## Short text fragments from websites
[Start of Attachment]
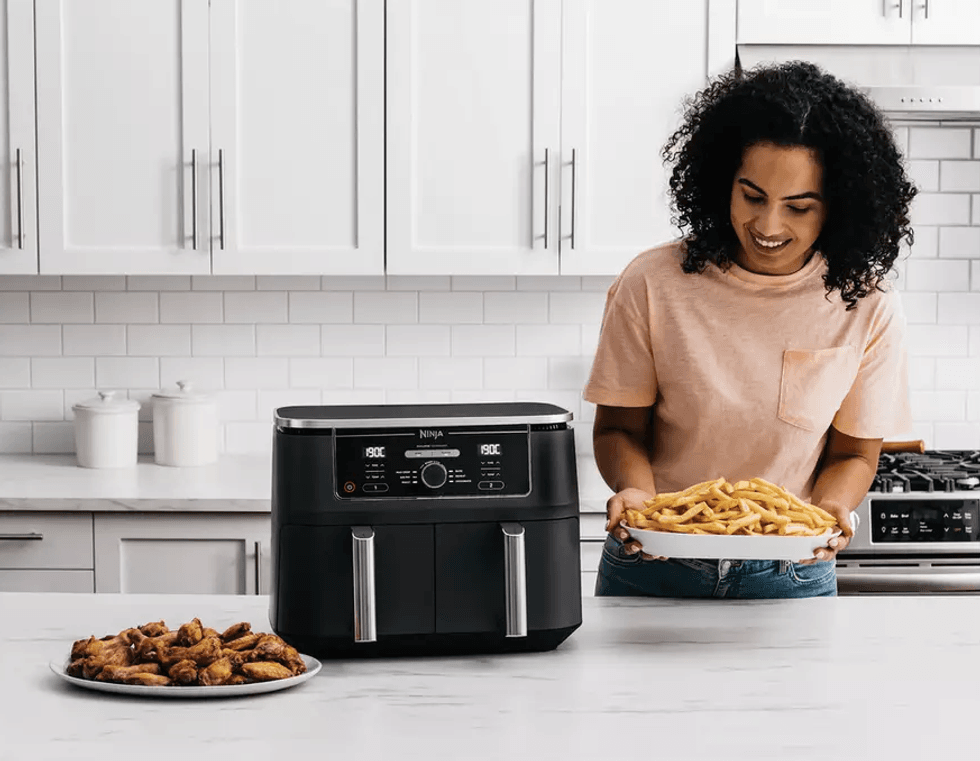 Wings and chips on plates after being prepared in the Ninja Foodi Max Dual Zone air fryer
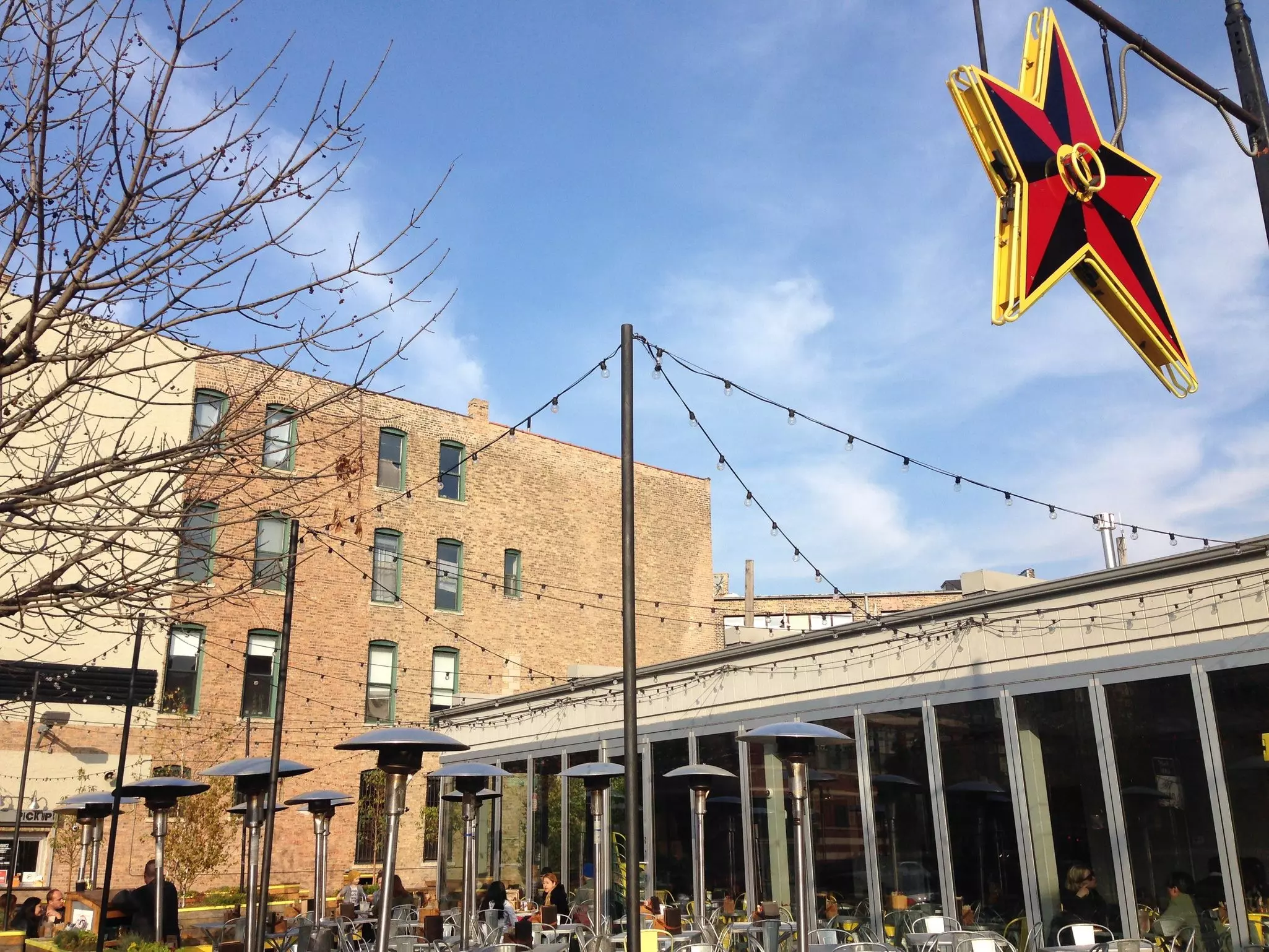 People eating outside a restaurant that has lights stringed over and heat lamps scattered around the dining area. A large black, red and yellow star hangs in the upper left corner.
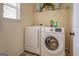 Laundry room with washer and dryer at 445 Brickstone Way, Covington, GA 30016
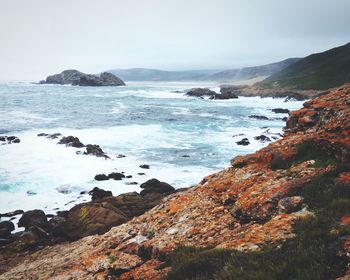 Scenic view of sea and mountains against sky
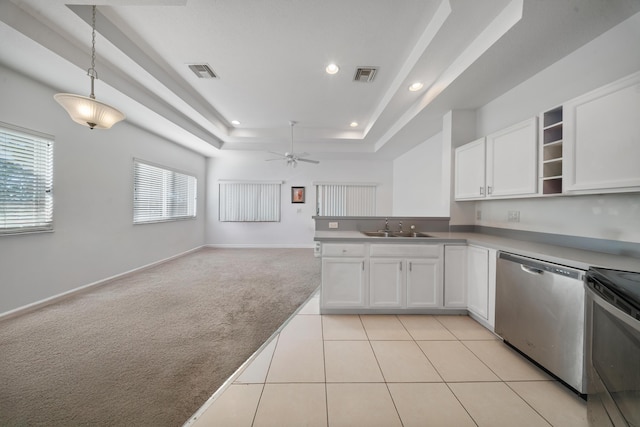 kitchen featuring visible vents, a sink, light carpet, dishwasher, and a raised ceiling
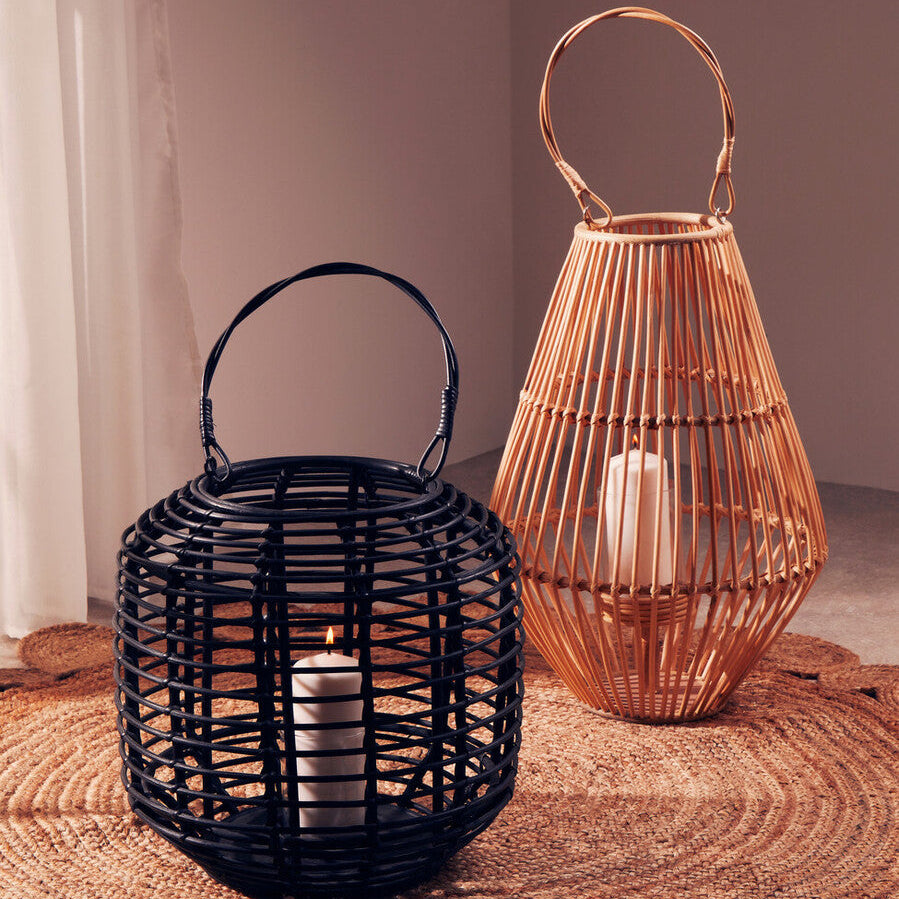 Two woven lanterns, one black and one copper, on a textured surface with a neutral background.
[End of Attachment]
## TO DO
The entries are to be transcribed in full. Their pictures are not.

## TASK SOLUTION
 Wings and chips on plates after being prepared in the Ninja Foodi Max Dual Zone air fryer
 People eating outside a restaurant that has lights stringed over and heat lamps scattered around the dining area. A large black, red and yellow star hangs in the upper left corner.
 Laundry room with washer and dryer at 445 Brickstone Way, Covington, GA 30016
 Scenic view of sea and mountains against sky
 kitchen featuring visible vents, a sink, light carpet, dishwasher, and a raised ceiling
 Two woven lanterns, one black and one copper, on a textured surface with a neutral background.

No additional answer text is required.